Contacts: Higgins Armory Museum, Sara Murphy 508-853-6015 x26
WPI Media Relations, Pat Samson 508-831-5616

WORCESTER, Mass. - September 30, 2003 - The Higgins Armory Museum has been awarded a $316,434 grant from the Institute of Museum and Library Services (IMLS) to establish summer institutes in metals conservation in partnership with Worcester Polytechnic Institute (WPI). The Metals Conservation Summer Institutes (MCSI), slated to take place in June of 2004, 2005 and 2006, will bring together conservation and metals experts from around the world and provide a strong foundation for a possible future graduate program in objects conservation at WPI.

"The sheer size of this award and the help it will provide in furthering the study of metals conservation is astronomical," said Kent dur Russell, executive director of the Higgins Armory Museum. "The MCSI will create a nationally and internationally recognized faculty of experts in the field, which is long overdue. The Higgins and WPI have a long history together, and receiving this grant will ensure an exciting and productive future."

The Higgins and WPI have been linked since the turn of the century: the founder of the Higgins Armory Museum, John Woodman Higgins, like his father and grandfather before him, attended the university and earned his engineering degree from WPI. He founded the John Woodman Higgins Armory Museum in 1928. In 1999 the Museum and WPI established an endowed and shared curator/professor position, currently held by Dr. Jeffrey L. Forgeng.

The Higgins Armory Museum has one of the largest collections of historical and archeological metals in the nation, and is the only museum in North America solely dedicated to the collection, preservation, exhibition, and interpretation of arms and armor.
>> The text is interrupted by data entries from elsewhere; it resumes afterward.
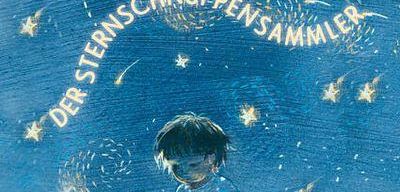 A book cover with a child holding a glowing star, surrounded by stars on a blue sky background. The title is 'Maxi' and it reads 'The Star Collector'. The author's name is Marie Therese Ferrari and the illustrator is Paula Patricia Schlatterbeck.
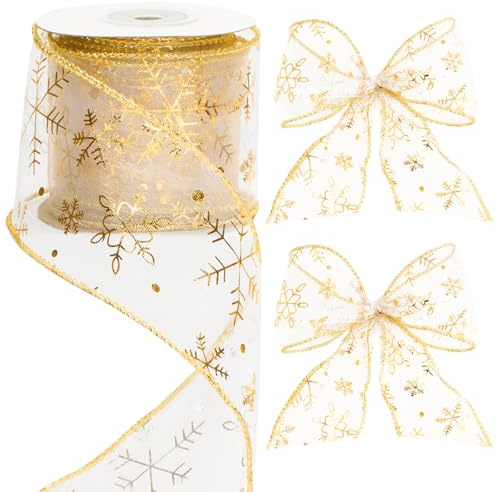 jijAcraft Organzaband Weihnachten 6cm Breit, Geschenkband mit Draht Gold, 10 Yards Schneeflocke Organzaband, Glitzer Weihnachtsband für Geschenkdeko, Kranz, Handwerk, WeihnachtsSchleifenherstellung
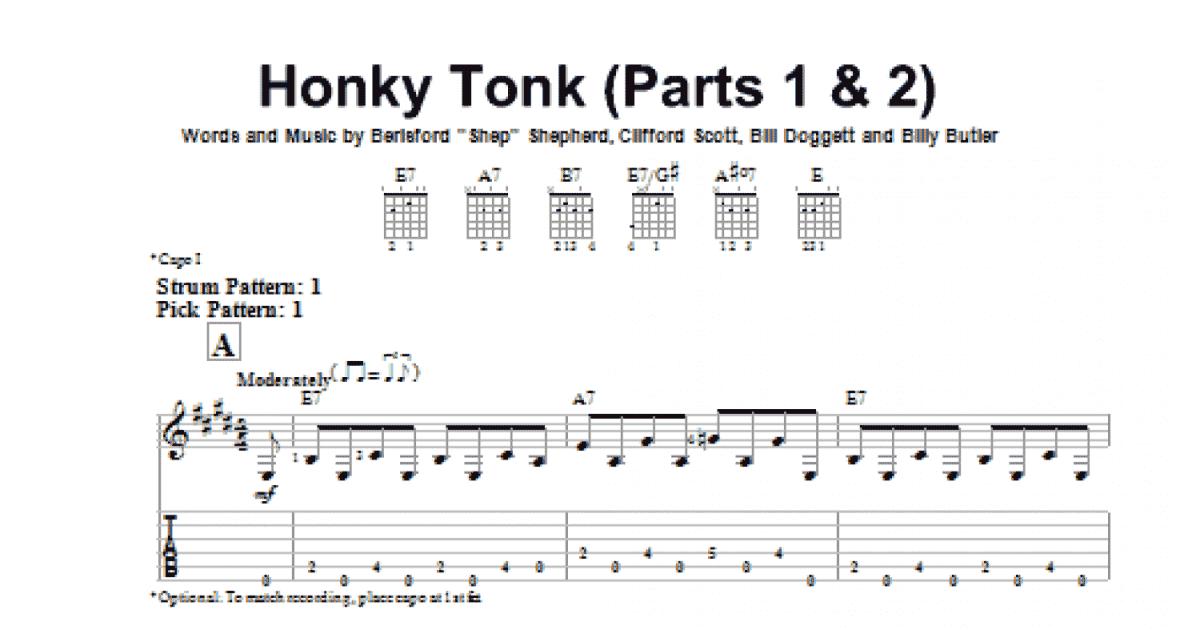 Honky Tonk (Parts 1 and 2) sheet music for guitar solo (easy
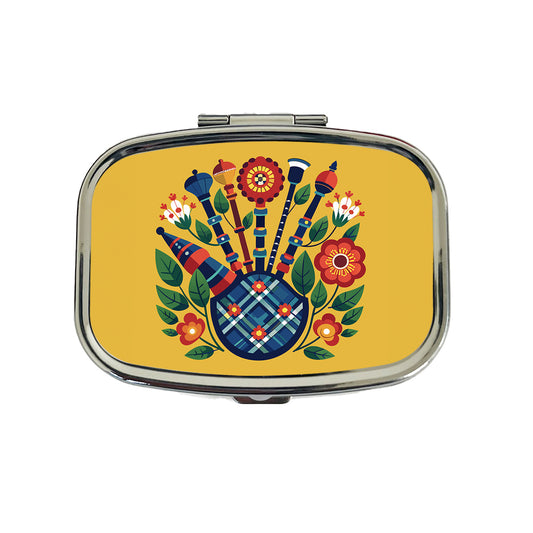 Bagpipes Music Floral Motif Travel Pill Box Case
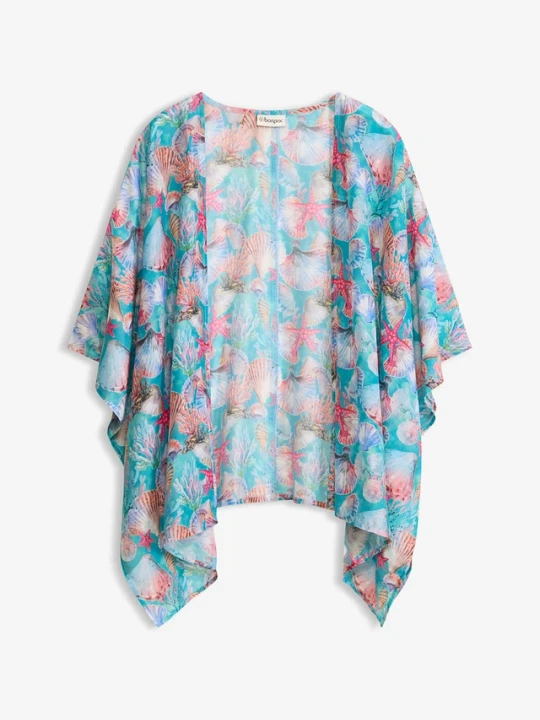 Zdjęcie produktu Prześwitujące kimono plażowe BonPrix niebieski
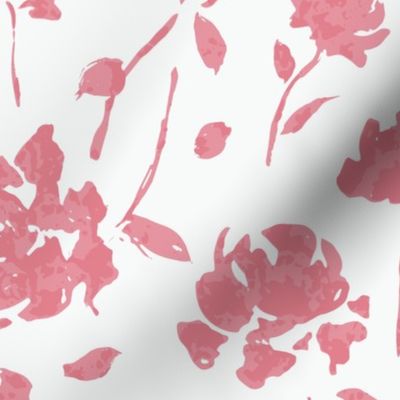 (L) Delicate Peony Flowers in Raspberry Pink and White | Large Scale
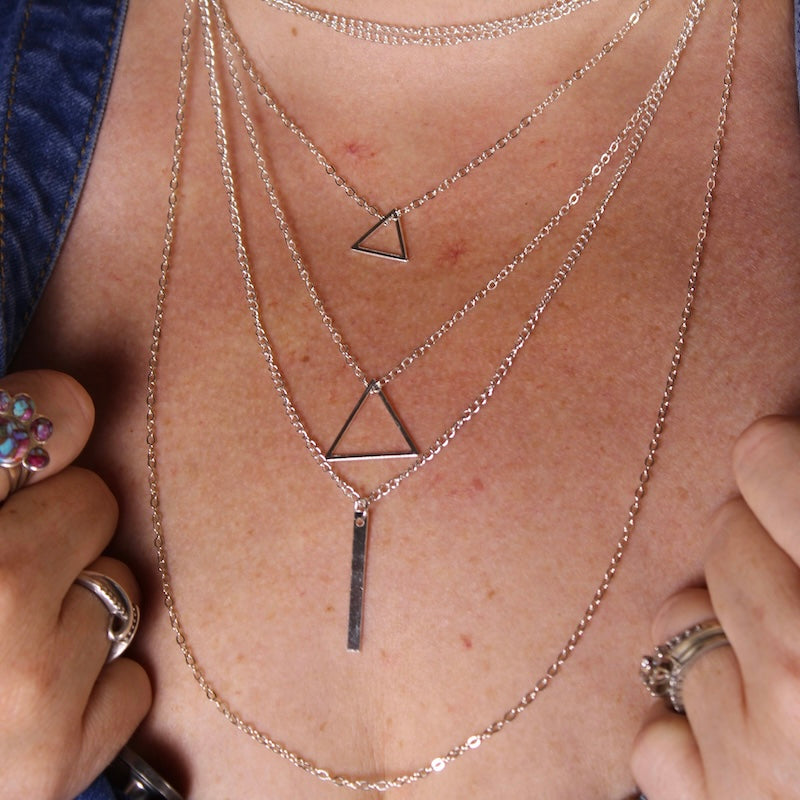Layered Boho Necklace | Multi Layer Triangle Pendant Necklace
WPI, a national leader in metals research and home to the Metals Processing Institute (MPI), has roots in manufacturing and metal processing that extend back more than 130 years. Founded in 1865, WPI pioneered an approach to technical education in which students learned the theory of science and engineering in the classroom and put that knowledge into practice in a real manufacturing plant. MPI is the largest industry-university alliance dedicated to advancing the state of the art in the metal processing industry.

"With this grant, MPI and Higgins have forged a partnership that extends MPI's mission to scholarly activities in the domain of metals conservation, the Humanities and the Arts," said Diran Apelian, Howmet Professor of Engineering, and Founding Director of MPI.

The MCSI will bring together, for the first time, the specific technical expertise, specialized physical facilities and laboratories needed for such a program along with the involvement of other regional cultural institutions. Findings from the institutes will be published on a dedicated web site for world-wide use.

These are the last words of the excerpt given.